EXERCISE BRIEF:
Lines from the line with "Invisalign Patient 1 - After - 1" to the line with "Why Your Skin" in the entries below, and only those, must be output exactly, with both ends included.

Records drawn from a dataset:
- - - - - - -

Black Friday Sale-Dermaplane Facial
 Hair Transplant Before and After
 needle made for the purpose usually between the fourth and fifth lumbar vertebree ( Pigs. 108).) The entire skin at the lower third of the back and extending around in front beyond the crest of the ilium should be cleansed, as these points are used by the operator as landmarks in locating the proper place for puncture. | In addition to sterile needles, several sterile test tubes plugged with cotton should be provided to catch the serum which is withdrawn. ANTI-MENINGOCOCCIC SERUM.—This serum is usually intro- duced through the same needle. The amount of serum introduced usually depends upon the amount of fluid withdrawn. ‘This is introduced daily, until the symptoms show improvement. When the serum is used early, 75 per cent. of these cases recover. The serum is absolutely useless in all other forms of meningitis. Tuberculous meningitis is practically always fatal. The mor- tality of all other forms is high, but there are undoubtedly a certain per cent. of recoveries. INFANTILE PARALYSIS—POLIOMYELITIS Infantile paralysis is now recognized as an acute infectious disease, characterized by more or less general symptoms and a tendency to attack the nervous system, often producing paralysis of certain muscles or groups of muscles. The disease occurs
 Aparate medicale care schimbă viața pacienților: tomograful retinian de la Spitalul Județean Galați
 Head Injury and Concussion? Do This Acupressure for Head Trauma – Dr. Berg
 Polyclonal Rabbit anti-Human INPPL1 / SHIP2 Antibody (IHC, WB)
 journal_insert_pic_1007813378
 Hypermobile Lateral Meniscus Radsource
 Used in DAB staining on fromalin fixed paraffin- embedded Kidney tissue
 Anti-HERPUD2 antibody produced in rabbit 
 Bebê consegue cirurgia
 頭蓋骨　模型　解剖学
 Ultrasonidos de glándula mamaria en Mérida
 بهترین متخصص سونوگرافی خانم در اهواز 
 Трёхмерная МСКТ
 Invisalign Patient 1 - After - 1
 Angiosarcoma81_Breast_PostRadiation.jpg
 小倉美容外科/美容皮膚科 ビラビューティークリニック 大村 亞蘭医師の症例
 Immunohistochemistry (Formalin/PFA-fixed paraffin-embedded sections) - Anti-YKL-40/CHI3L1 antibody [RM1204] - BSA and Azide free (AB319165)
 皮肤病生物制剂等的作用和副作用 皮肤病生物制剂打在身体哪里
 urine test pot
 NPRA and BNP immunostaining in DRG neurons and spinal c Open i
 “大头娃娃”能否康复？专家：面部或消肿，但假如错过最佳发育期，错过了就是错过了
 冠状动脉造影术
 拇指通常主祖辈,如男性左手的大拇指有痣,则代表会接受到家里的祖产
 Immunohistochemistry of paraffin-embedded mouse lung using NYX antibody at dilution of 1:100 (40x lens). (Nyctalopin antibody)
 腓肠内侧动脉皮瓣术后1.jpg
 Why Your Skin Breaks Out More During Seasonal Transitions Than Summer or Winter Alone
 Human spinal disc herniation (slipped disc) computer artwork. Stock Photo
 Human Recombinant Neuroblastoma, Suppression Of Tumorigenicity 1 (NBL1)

- - - - - - -

ANSWER:
 Invisalign Patient 1 - After - 1
 Angiosarcoma81_Breast_PostRadiation.jpg
 小倉美容外科/美容皮膚科 ビラビューティークリニック 大村 亞蘭医師の症例
 Immunohistochemistry (Formalin/PFA-fixed paraffin-embedded sections) - Anti-YKL-40/CHI3L1 antibody [RM1204] - BSA and Azide free (AB319165)
 皮肤病生物制剂等的作用和副作用 皮肤病生物制剂打在身体哪里
 urine test pot
 NPRA and BNP immunostaining in DRG neurons and spinal c Open i
 “大头娃娃”能否康复？专家：面部或消肿，但假如错过最佳发育期，错过了就是错过了
 冠状动脉造影术
 拇指通常主祖辈,如男性左手的大拇指有痣,则代表会接受到家里的祖产
 Immunohistochemistry of paraffin-embedded mouse lung using NYX antibody at dilution of 1:100 (40x lens). (Nyctalopin antibody)
 腓肠内侧动脉皮瓣术后1.jpg
 Why Your Skin Breaks Out More During Seasonal Transitions Than Summer or Winter Alone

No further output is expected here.